In the souls of people there are always such aspects that can for a long time not attract sufficient attention to themselves, dwelling in obscurity from generation to generation, only partly recognized. This occurs not only because these aspects possess in their very essence an instinctive character and are, as it were, crowded out from the field of consciousness; and not only because they are in themselves spiritually insignificant or secondary in practical terms and, as it were, get lost among other equally inessential nuances of life – but also because the cultivation of them requires a particular effort of will and attention, while their spiritual significance, in terms of their basic nature, stands opposed to the self-interestedness and myopia of everyday consciousness.
 
One can always find quite a few people prepared to be sincerely surprised at the fact that in them dwells a certain worldview, that they possess their particular aesthetic taste, that they stand in a certain constant relation to the voice of conscience, that they possess a legal consciousness characteristic for their souls.[2] And meanwhile each person, independently of his age, education, intellect and talent, lives by these aspects or functions of the soul, even when he himself has no suspicion of it.
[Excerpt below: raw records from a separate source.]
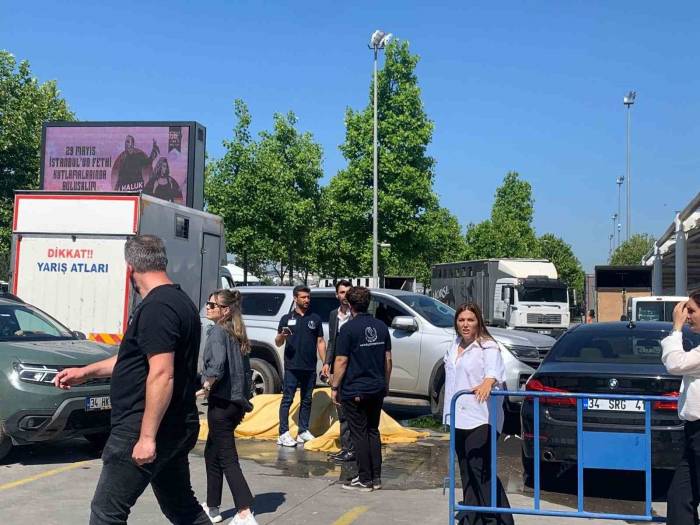 Güzellik Yarışmasında At Kalp Krizi Geçirerek Öldü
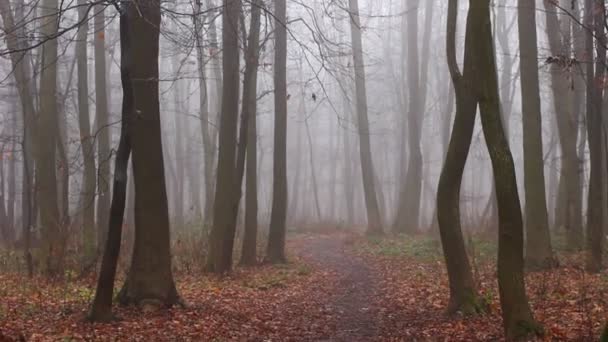 Varázslatos Őszi Ködös Erdő Levelek Nélkül — Stock videók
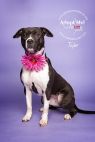 Available Pets NJ670.27720529 1 fpm Available Pets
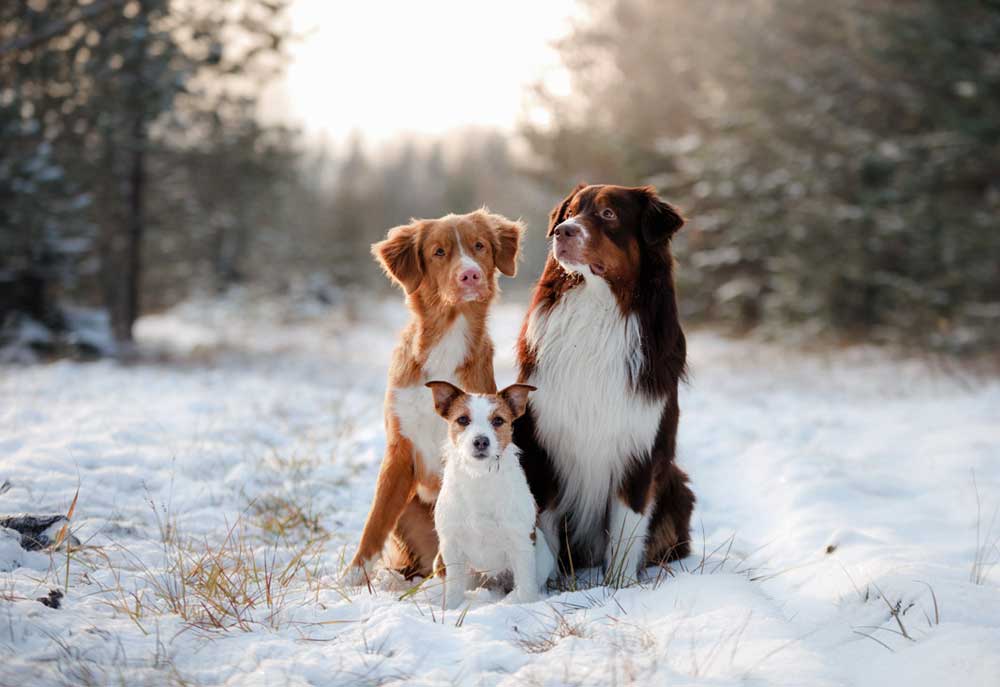 Picture of Three Dogs in the Snow | Stock Dog Pictures Images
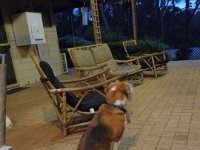 P5220672  Evening drinks with mum and dad at Bear's Den, Denmark.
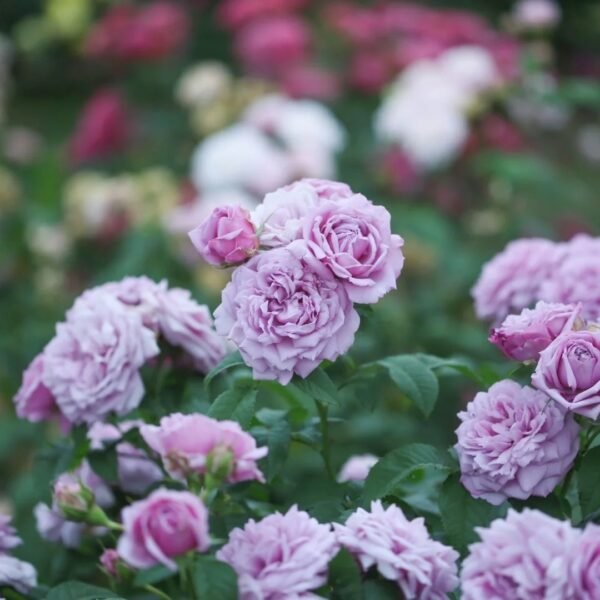 Le Ciel Bleu Rose
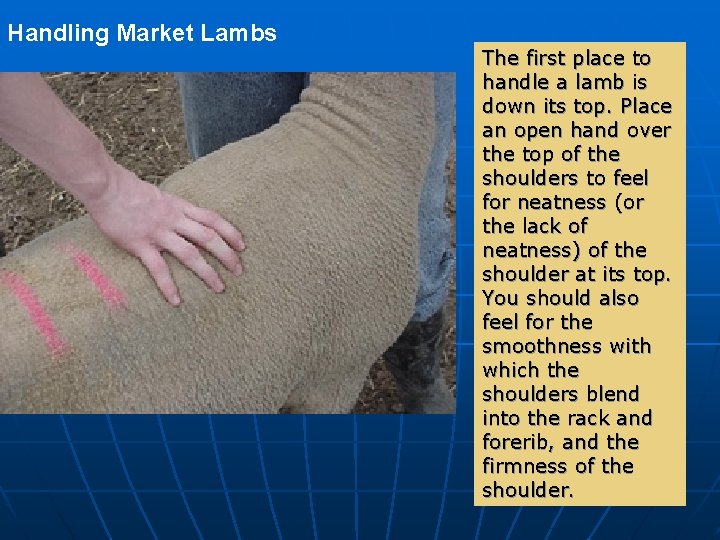 Handling Market Lambs The first place to handle a lamb is down its top.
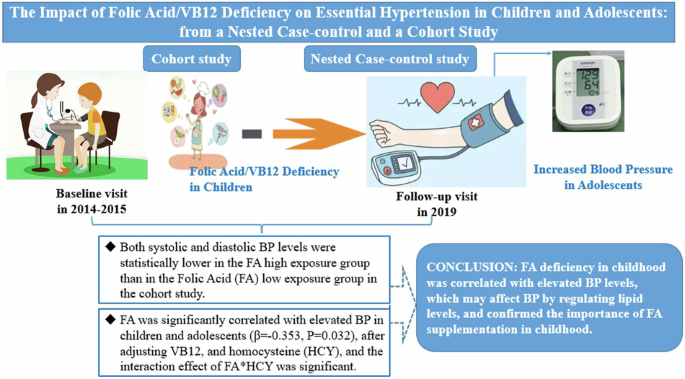 The impact of folic acid/VB12 deficiency on essential hypertension in children and adolescents: from a nested case-control and a cohort study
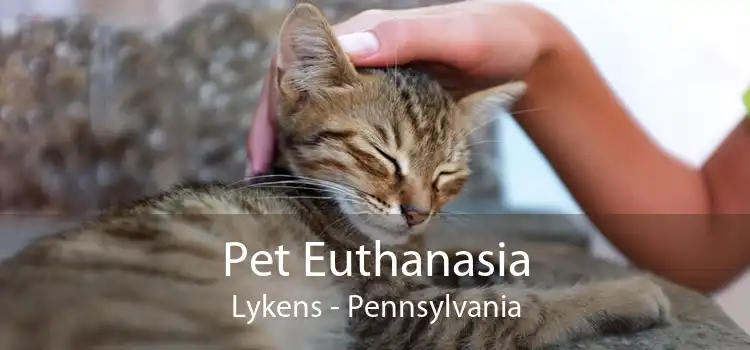 Pet Euthanasia Lykens - Pennsylvania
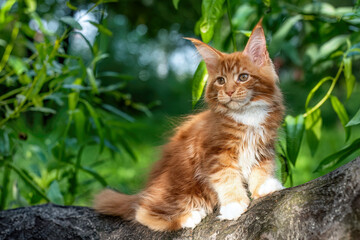 A very beautiful Maine kitten sitting on the tree in nature.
In such case his judgments and actions are formed directly under the guidance of instinctive attractions and impulses and express the structure of his psyche, his personal character, his individual level of life, despite the fact that he perhaps knows nothing of this and does not even suppose that people inevitably have a worldview and a legal consciousness, that they inevitably live according to an aesthetic taste and a conscience. A limited, narrow, obtuse worldview remains a view of the world; undeveloped, perverted, bad taste makes an aesthetic choice in its own way; a suppressed, deadened conscience, not listened to, still struggles and calls from within, and a deformed, unfree, weak legal consciousness directs people’s acts and creates their relations throughout life.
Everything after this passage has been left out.